The new film comes at a timely moment for the industry, which has had a softish summer so far. The euphoria about 3D that was so evident at the time of Avatar two years ago has largely dissipated. Audiences have grown increasingly sceptical about paying premium ticket prices for murky films with half-baked plots. The hope is that Harry Potter in 3D will restore their faith – and while many people might think that the films have their work done for them by JK Rowling's imagination and casts that comprise one dazzling name after another, Heyman's contribution to the enterprise has been crucial.
Even in 1997, Heyman had far loftier ambitions than most of his British contemporaries. He was one of a number of Brits who had come back to the UK after working in Hollywood (others include the current Ealing Studios boss Barnaby Thompson and the agent and talent manager Charles Finch) with the ambition to shake up the local business. Having worked within the US studio system (serving stints at Warner Bros and United Artists in the late 1980s) and with US indie producer credits on his belt, he knew how to put films together.
Despite the travails of British producers, it was an optimistic moment in British cinema. The industry had received a huge fillip from the success of Trainspotting and Four Weddings and a Funeral. The new Blair government, with its initial emphasis on "Cool Britannia," was ready to get behind British film-makers both through tax breaks and through increased Lottery investment.

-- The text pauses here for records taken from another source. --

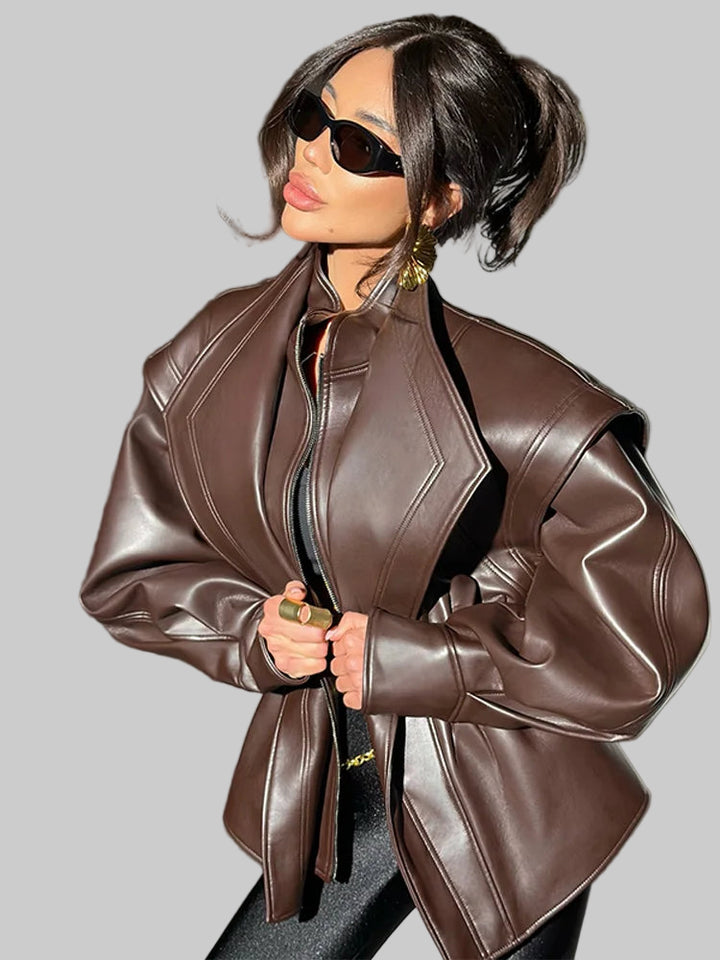 Solid Turn-down Collar Puffy Sleeves Leather Jacket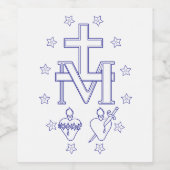 Medaille der Gottesmutter Weinetikett (Einzelnes Label)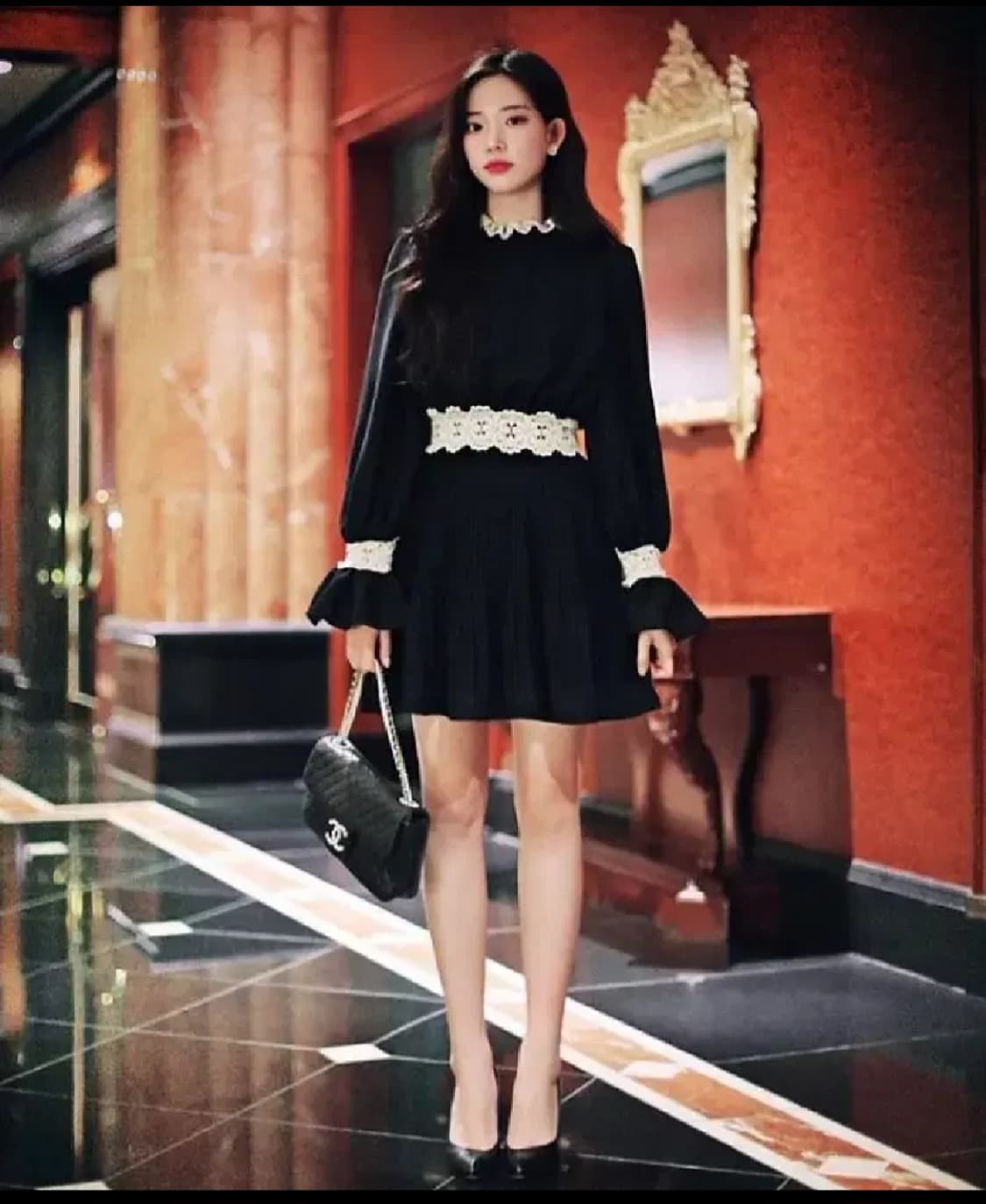 밀크코코아 레이스프릴원피스아방핏슬림핏배색봄원피스하객데이트룩플레어플리츠퍼프 상품이미지1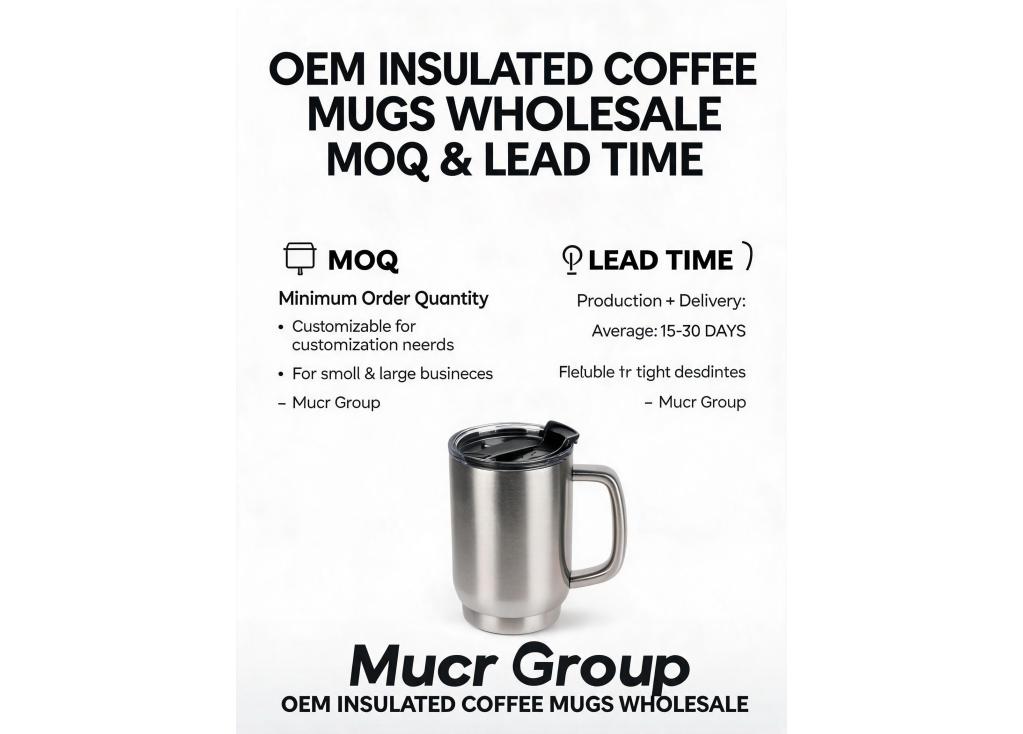 What are the MOQ and lead time for OEM insulated coffee mugs wholesale?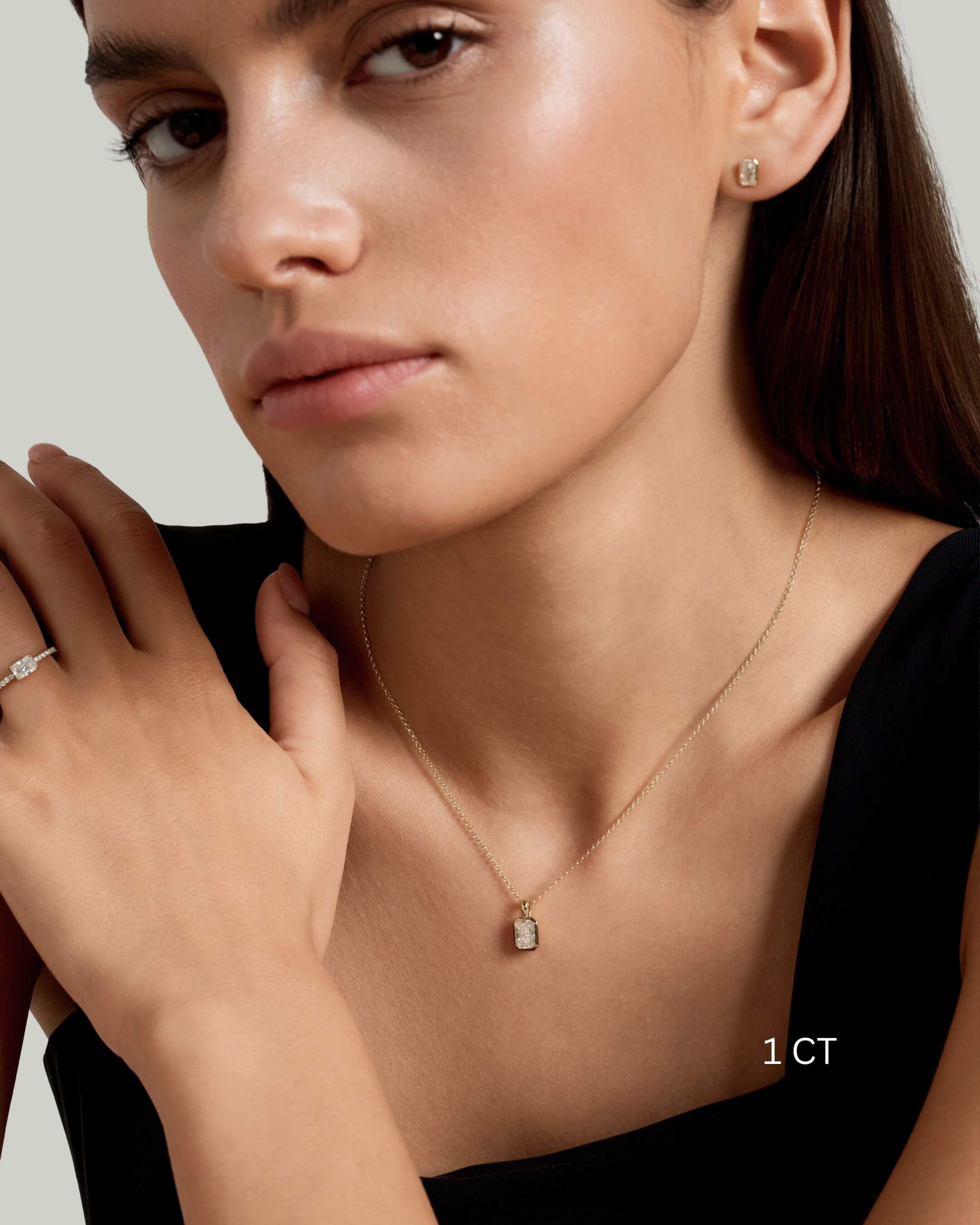 Radiant Cut Bezel Moissanite Necklace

Right from the outset, Heyman was looking to work with the studios. Heyday Films had an arrangement that it would try to source British material to sell on to Warner Bros. When a young development executive at Heyday called Tanya Seghatchian spotted a newspaper article about a new series of Wizard novels by a writer called JK Rowling, Heyman shared her enthusiasm. "I love books," he said later. "I read voraciously, and I happened to have been fortunate to have been in the right place at the right time." Thus began the relationship between Heyday Films and Warner Bros which has yielded probably the most successful film franchise in cinema history.
What has been remarkable about the Potter series is how smoothly it appears to have run. Notwithstanding occasional delays and hitches (the failure to make The Deathly Hallows Part 1 in 3D or the change in release date for the sixth instalment), the films haven't been prey to the battles behind the scenes, tantrums and legal spats that tend to dog most other franchises of this magnitude. This is a testament to the efficiency of Heyman (and his producer partner David Barron). It also hints at why Heyman still has a relatively low profile, in spite of his pivotal role in keeping the Potter juggernaut running. In interviews, he is personable, articulate but rarely says anything too contentious. Married to an interior designer, with whom he has one son, he lives in Pimlico in central London.
The signs are that Heyman will continue to partner with his Harry Potter collaborators. He is already working with one former Potter director, Alfonso Cuarón, on a CGI-driven space thriller called Gravity that has been shooting this summer at Shepperton Studios with George Clooney and Sandra Bullock. Heyman has also optioned Mark Haddon's The Curious Incident Of The Dog In The Night Time.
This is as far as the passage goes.